The role of the architect or senior developer is necessary precisely for extracting complex business requirements and translating them into precise technical specifications. That ability — asking the right questions, understanding what the business needs even when the stakeholder can’t articulate it — is something AI cannot do on its own.

AI needs someone who already knows what they’re doing in order to work well.

The Junior Paradox: How Does the Next Generation Learn?

This is probably the most silent and most dangerous consequence of mass AI adoption in development.

In the pyramid of a traditional development team, junior profiles learn by doing the most mechanical tasks: writing supporting code, fixing simple bugs, implementing tests. It’s unglamorous work, but it’s the process through which the technical judgment that makes a senior developer is forged.

AI does these tasks 90% faster and at a fraction of the cost of a junior human. The consequence is that entry-level positions are disappearing or transforming. And if there’s nowhere to practice the fundamentals, there’s no way to become a senior.

The long-term risk: if there are no entry points to the field where people learn by doing real things, in ten years there will be a shortage of seniors who understand systems in depth. Today’s seniors were forged by doing things by hand. Tomorrow’s — where will they be forged?

This isn’t an argument against AI. It’s an argument for companies and the industry to think about how to preserve real learning pathways, even in an environment where AI automates the basic tasks.

Cognitive Technical Debt: The Invisible Risk

“Technical debt” is a well-known concept in the industry: code that works but is written in a way that will be hard to maintain, extend, or understand. It accumulates when speed is prioritized over quality.

AI introduces a new variant: cognitive technical debt. It’s not just that the code is poorly written. It’s that nobody in the company understands why it does what it does, because “AI generated it.”

It’s a more dangerous debt than traditional technical debt because:

  1. It’s invisible: the code can work perfectly for months without anyone detecting the problem.
  2. It’s explosive: when it fails, it fails in unexpected ways and nobody has the context to fix it.
  3. It drives away talent: good professionals don’t want to work on systems nobody understands. It’s frustrating and feels like wasted time.

The classic mantra “if it ain’t broke, don’t fix it” was already dangerous when humans said it. Applied to AI-generated code that nobody fully comprehends, it’s outright suicidal.

The Scientific Evidence: The Cognitive “Boiling Frog” Effect

The above might seem like a reasonable intuition that’s hard to measure. In April 2026, a team of researchers from Carnegie Mellon, Oxford, MIT, and UCLA published a study that quantifies it under controlled conditions.

The paper “AI Assistance Reduces Persistence and Hurts Independent Performance” (Liu et al., 2026) worked with 1,222 participants across three randomized experiments. The design was simple: one group solved problems with access to an AI assistant (GPT-5), the control group solved them alone. Afterwards, AI access was removed from everyone and independent performance was measured.

The results:

  • Solution rate: the group that had used AI achieved 57% versus 73% in the control group. Using AI during the assistance phase reduced subsequent performance without it.
  • Problem abandonment: doubled in the AI-assisted group (20% vs. 11%).
  • The important nuance: participants who used AI only for hints — not complete answers — showed less degradation. The greatest damage came from using AI as a complete substitute for one’s own reasoning.

The authors call this the cognitive “boiling frog” effect: the erosion is silent, incremental, and happens in minutes. The brain rapidly adapts to the availability of external assistance and reduces its own cognitive investment, even after that assistance disappears.

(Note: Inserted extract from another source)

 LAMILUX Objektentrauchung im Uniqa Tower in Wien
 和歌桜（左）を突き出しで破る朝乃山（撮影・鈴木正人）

It reminds me of something most of us have experienced: “Before, you knew everyone’s phone number by heart, but ever since smartphones arrived to store them, I can’t remember a single number.” Why invest effort when the tool (phone, AI, mechanical hammer, etc.) that you know exists and is within reach does it far better? Is it laziness, human survival instinct (minimum resource expenditure), or the brain’s rapid adaptation to its environment?

Applied to a development context: a team that habitually accepts AI output without reasoning about it doesn’t just accumulate cognitive debt in systems they don’t understand. They also actively degrade their capacity to think independently when AI is unavailable or when it fails.

Multi-Agent Systems: Promise vs. Current Reality

AI agent systems are those where multiple AI models collaborate with each other to solve complex tasks: one agent acts as architect, another as QA, another as DevOps — they communicate and supervise each other.

The promise is powerful: automate the entire technical execution.

The reality is more sobering:

The evolutionary “echo chamber” problem: an agent system with memory learns from what it does. If one agent makes a subtle error and the others accept it as the norm, the system starts building on a defective foundation. Without a human applying external common sense, agents can drift toward an architecture that nobody outside the system can understand or fix.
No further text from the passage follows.